Her hand reached behind her, searching for a moment before she found the rag she'd brought over. The soft cotton bunched between her fingers, and she oiled it from a dark bottle that had been sitting by her side. Slowly, deliberately, she picked up the first piece of her armor, her breastplate, and began to clean and polish the delyn with care. The quiet night moved on, pierced now and again by the quiet tick and crack of the fire as it watched on.
Zook Murnig
10-12-12, 04:14 AM
3:30 a.m.
Sharp pain pierced the dreams of a young magician, laying with his companion. The pain lanced through the muscles of his calf, as if the bone itself were ripping through the flesh -- and in a way it had already.

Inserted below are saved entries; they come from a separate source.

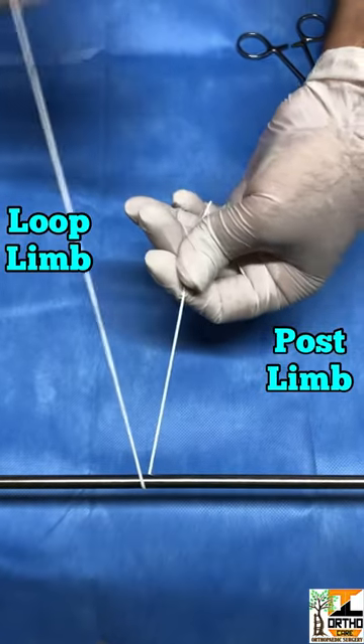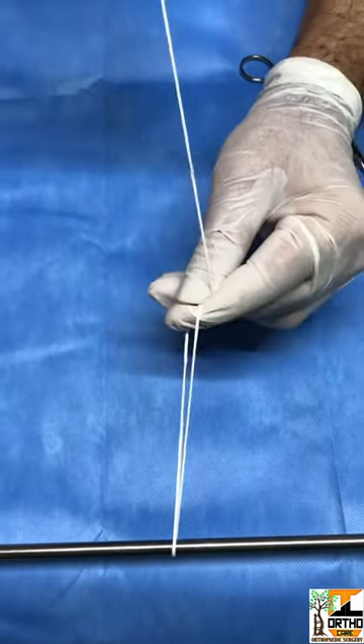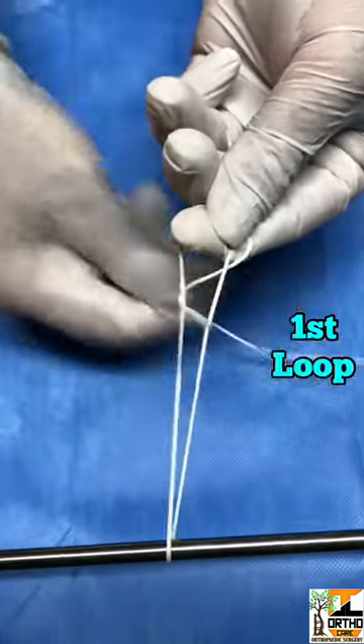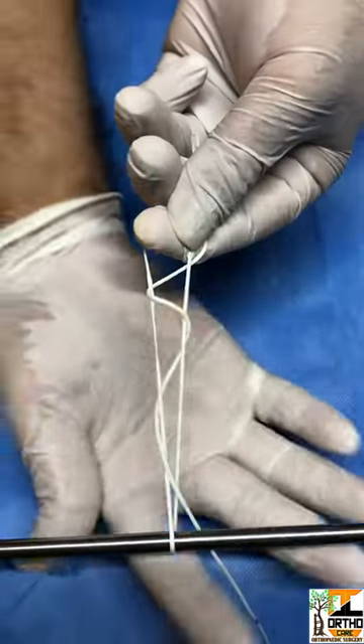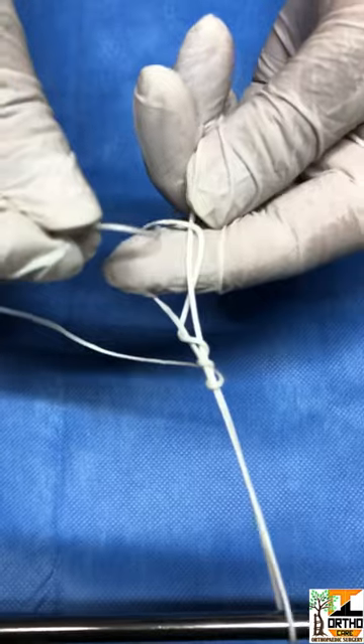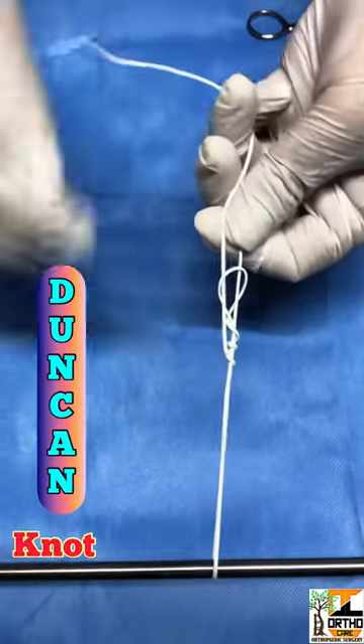Shorter post limb, longer loop limb — just hold a pinch first. Then the loop limb is rolled over both limbs: one, two, and three loops. Take the end and insert it into the pinched loop. Just hold it and rearrange the knot.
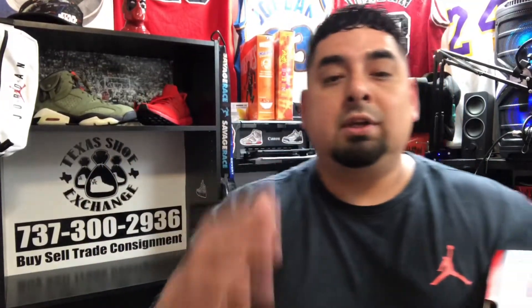Alright everybody, welcome back to JR Sneaker Show. I am JR, and today I got some heat for you — some more heat. I'm always trying to bring you that heat, so shout out to Texas Shoe Exchange once again for hooking me up with an early pair and bringing these to you.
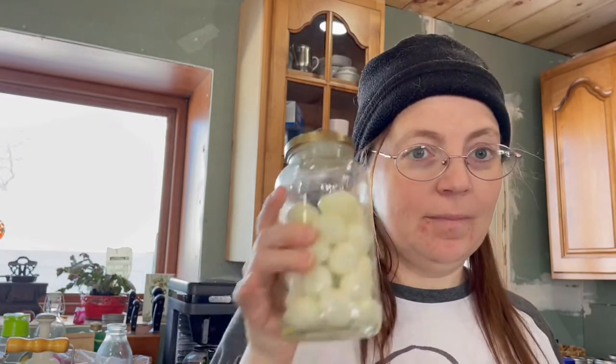Hey guys, welcome back to the Humble Homestead's kitchen. I'm finally going to get to these eggs — these are the quail eggs. I have tried multiple recipes trying to pickle them for my brother-in-law, like a spicy version, a beet version, and none of them are like 'wow' to him.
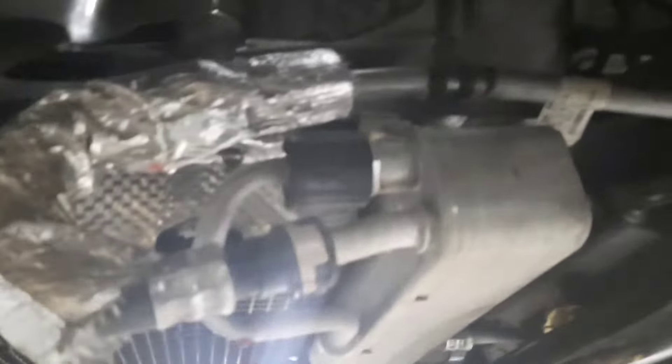On the right side — the passenger side of the transmission — you'll see this. This is the check plug on the transmission. It's a 19-millimeter head. I use a wrench; I get on it with the wrench and you push this way to loosen it.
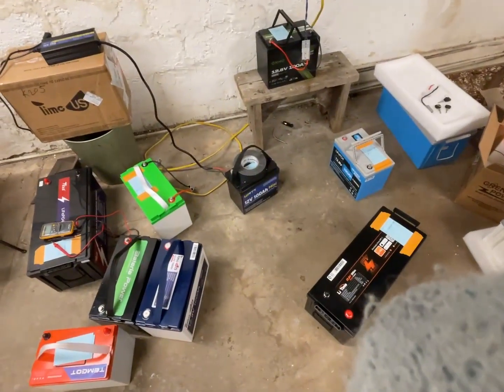I feel really bad for doing so many battery reviews, but I'm building to something, I swear. Only two more reviews left. In today's video, we're going to actually be rearranging the solar panels on the roof of the solar panel building to almost double the power output.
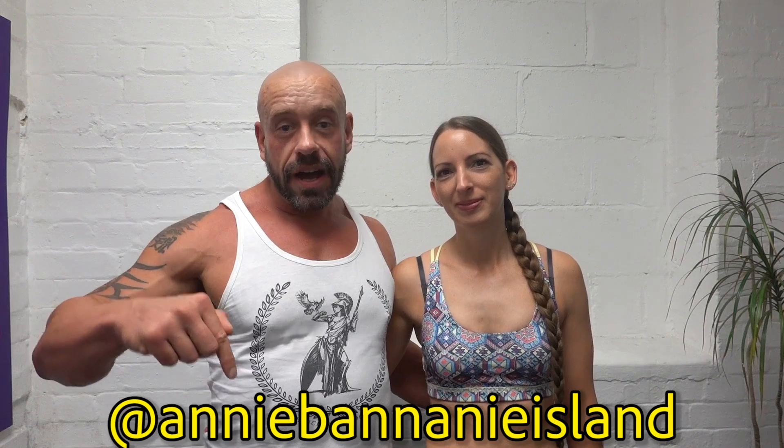Hi, it's Paul from Hench Herbivore. Hi, it's Anna Lise from Annie Benanny Island — she's on Instagram, just follow her, link in the description. But for now we're going to do a booty training workout. You ready? Yeah. Let's do it.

Since his injury in Raiaera, serving the spirit Nischa, pain was all he ever felt in his left lower leg. Even as he pulled back the blankets and rose to run his hand over the leg, he knew it would do nothing. He never felt anything below the knee in that leg any longer, since the hammer had come down, shattering the bones. The worst of it, however, had come just after, when his body had surged with energy, and the bones re-fused, disregarding natural shape. The deformity meant that not only were the muscles there weak, but he would forever be lamed, his footing insecure through the numbness.
Still rubbing absently at the warped limb, Cohen looked aside to find Gavrila still fast asleep beside him. He still didn't know how he felt about the girl, especially since the expedition in Raiaera, where she had saved his life no less than twice from the undead that yet lingered there. In the faint light of night, flowing through the drawn window, she was peaceful in her repose. She wasn't exactly beautiful, still gawky in her late teens, but pretty and striking in appearance. Her creamy skin almost glowed under the dark, straight hair that lay across her face, and Cohen thought of her bravery in the elven land. He remembered the strong will that had carried him from a watery grave, and repelled the dead that came for them both.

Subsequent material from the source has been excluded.